CUDA 2.2 and failing CUFFT SDK example

My CUFFT related code has stopped working since installing CUDA 2.2. Any tips would be appreciated.

I installed the two following packages:

cudasdk_2.2_macos.pkg

cudatoolkit_2.2_macos_32.pkg

Most of the toolkit examples run OK. I can’t really figure out if the issues are CUFFT related. Most of the CUFFT examples fail, but others don’t (please note the MPix/s is 0.00 for the ones that fail):

$ ./simpleCUFFT

Using device 0: GeForce 9600M GT

GPU time: 229.100006 msecs. //0.000000 MPix/s

Test FAILED

Press ENTER to exit...

$ ./simpleCUFFT2

Using device 0: GeForce 9600M GT

GPU time: 229.839996 msecs. //0.000000 MPix/s

Test FAILED

$ ./convolutionFFT2D 

Using device 0: GeForce 9600M GT

Input data size		   : 1000 x 1000

Convolution kernel size   : 7 x 7

Padded image size		 : 1006 x 1006

Aligned padded image size : 1024 x 1024

Allocating memory...

Generating random input data...

Creating FFT plan for 1024 x 1024...

Uploading to GPU and padding convolution kernel and input data...

...initializing padded kernel and data storage with zeroes...
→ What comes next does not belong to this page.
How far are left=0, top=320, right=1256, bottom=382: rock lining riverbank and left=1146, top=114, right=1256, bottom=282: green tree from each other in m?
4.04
...copying input data and convolution kernel from host to CUDA arrays

...binding CUDA arrays to texture references

...padding convolution kernel

...padding input data array

Transforming convolution kernel...

Running GPU FFT convolution...

GPU time: 42.544998 msecs. //23.504526 MPix/s

Reading back GPU FFT results...

Checking GPU results...

...running reference CPU convolution

...comparing the results

Max delta / CPU value 1.588891E-06

L2 norm: 1.902640E-07

TEST PASSED

Shutting down...

Press ENTER to exit...

My device is the first one of the below (Mac OS X 10.5.7, MBP):

$ ./deviceQuery 

There are 2 devices supporting CUDA

Device 0: "GeForce 9600M GT"

  Major revision number:						 1

  Minor revision number:						 1

  Total amount of global memory:				 536543232 bytes

  Number of multiprocessors:					 4

  Number of cores:							   32

  Total amount of constant memory:			   65536 bytes

  Total amount of shared memory per block:	   16384 bytes

  Total number of registers available per block: 8192

  Warp size:									 32

  Maximum number of threads per block:		   512

  Maximum sizes of each dimension of a block:	512 x 512 x 64

  Maximum sizes of each dimension of a grid:	 65535 x 65535 x 1

  Maximum memory pitch:						  262144 bytes

  Texture alignment:							 256 bytes

  Clock rate:									0.78 GHz

  Concurrent copy and execution:				 No

Device 1: "GeForce 9400M"

  Major revision number:						 1

  Minor revision number:						 1

  Total amount of global memory:				 266010624 bytes

  Number of multiprocessors:					 2

  Number of cores:							   16

  Total amount of constant memory:			   65536 bytes

  Total amount of shared memory per block:	   16384 bytes

  Total number of registers available per block: 8192

  Warp size:									 32

  Maximum number of threads per block:		   512

  Maximum sizes of each dimension of a block:	512 x 512 x 64

  Maximum sizes of each dimension of a grid:	 65535 x 65535 x 1

  Maximum memory pitch:						  262144 bytes

  Texture alignment:							 256 bytes

  Clock rate:									0.25 GHz

  Concurrent copy and execution:				 No

Test PASSED

Press ENTER to exit...

Removing (via rm -rf /Developer/CUDA and /usr/local/cuda) and reinstalling solved the problem.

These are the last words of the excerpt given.